Les exigences des poissons pilotes et autres commissaires politiques de
Londres et de Washington — les vrais tireurs de ficelles —, se sont
heurtées une fois de plus au mur de la réalité ! Résumons : les
planificateurs et les logisticiens du Pentagone, lorsqu’il s’agit de
jouer la partition écrite par quelque spin doctors 1, se montrent le
plus souvent réticents, voire carrément rétifs. Ils pèsent le pour et le
contre, les coûts et la probabilité de bénéfices escomptés. Dans ce
cas, l’opération sans l’assurance préalable d’une certaine réserve de la
part des Russes, était injouable. La semaine précédant l’attaque s’est
donc passée en discussions et ménagements afin que Moscou — qui avait
déjà fortement retroussé les babines et montré les crocs — laisse passer
et laisse faire les ridicules missiles foireux des coalisés du
mensonge. 71 d’entre eux sur 110 auraient en effet été interceptés par
la Flak syrienne (selon Moscou), à savoir des missiles sol-air S-125 et
S-200 de fabrication russe.
Mais ni la Russie ni l’Iran ne sont intervenus dans
les contre-mesures de la République arabe syrienne. Et pour cause : pour
éviter tout dérapage ou toute escalade intempestive, il fallait que les
frappes revêtissent un caractère suffisamment spectaculaire tout en ne
menaçant personne, pour crédibiliser les rodomontades des May, des
Macron et de l’aboyeur Trump, ce dernier empêtré dans l’affaire Michael
Cohen (dont le cabinet a fait l’objet d’un raid de la part du FBI),
l’avocat chargé d’acheter le silence de la poisseuse porno star Stormy
Daniels ; un épisode qui n’est pas sans rappeler Bill Clinton menacé fin
1998 d’impeachment comme aboutissement de l’épisode assez sordide des
affaires Paula Jones et Monica Lewinski. Celui-ci, pour desserrer l’étau
de la meute à ses trousses, s’était défaussé de ses cartes pourries en
faisant tirer une salve de missiles de croisière Tomahawk depuis huit
bâtiments de guerre croisant dans le Golfe persique et au moyen de
bombardiers stratégiques B52 partis de la base de Diego Garcia dans
l’Océan indien à 5 000 kilomètres de leurs cibles.
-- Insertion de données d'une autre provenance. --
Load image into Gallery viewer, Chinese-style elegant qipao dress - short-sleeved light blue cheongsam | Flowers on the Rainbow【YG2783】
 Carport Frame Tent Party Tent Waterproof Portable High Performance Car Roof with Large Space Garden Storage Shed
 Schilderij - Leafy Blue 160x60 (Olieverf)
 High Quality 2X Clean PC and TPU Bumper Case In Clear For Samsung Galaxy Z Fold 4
L’Opération Desert Fox 2 est lancée la veille de
l’examen de la destitution du président Clinton par la Chambre des
représentants, le 16 décembre 1998 et se poursuit trois jours durant.
Autre analogie, Renard du désert visait — tout comme aujourd’hui — la
destruction des capacités de l’État baasiste, à produire, entreposer et
assurer la maintenance d’armes de destruction massive. 30 500 militaires
américains et britanniques furent déployés dans le cadre de cette
opération qui causa la mort estimée de deux milliers d’Irakiens.
Conclusion : Bill Clinton ne regardait pas à la dépense pour valider le
mythe de l’extrême dangerosité irakienne et se tirer du mauvais pas que
constituaient ses frasques sexuelles à la Harvey Weinstein, digne émule
du Français juif Strauss-Kahn !
Samedi matin, le 14 avril, le général Joe Dunford,
chef d’état-major américain, a indiqué que les forces occidentales
avaient frappé vendredi à 21h (01h GMT samedi) trois cibles (l’une au
sud de Damas, les deux autres à proximité d’Homs) liées au « programme
d’armement chimique syrien » dont les diverses composantes sont censées
avoir été totalement démantelées sous contrôle de l’Organisation pour
l’interdiction des armes chimiques (OIAC) en 2014. C’est cette même
institution internationale qui devait conduire le 14 avril (un jour trop
tard !) une enquête — désormais sans objet puisque la sentence a été
exécutée avant que ne soit rendu le verdict — relative au supposé pogrom
chimique de Douma, motif et prétexte de la bordée de missiles tirée
contre la Syrie. Il est au demeurant tout à fait exorbitant du sens
commun que la punition soit infligée avant que les faits et la
culpabilité ne soient clairement établis.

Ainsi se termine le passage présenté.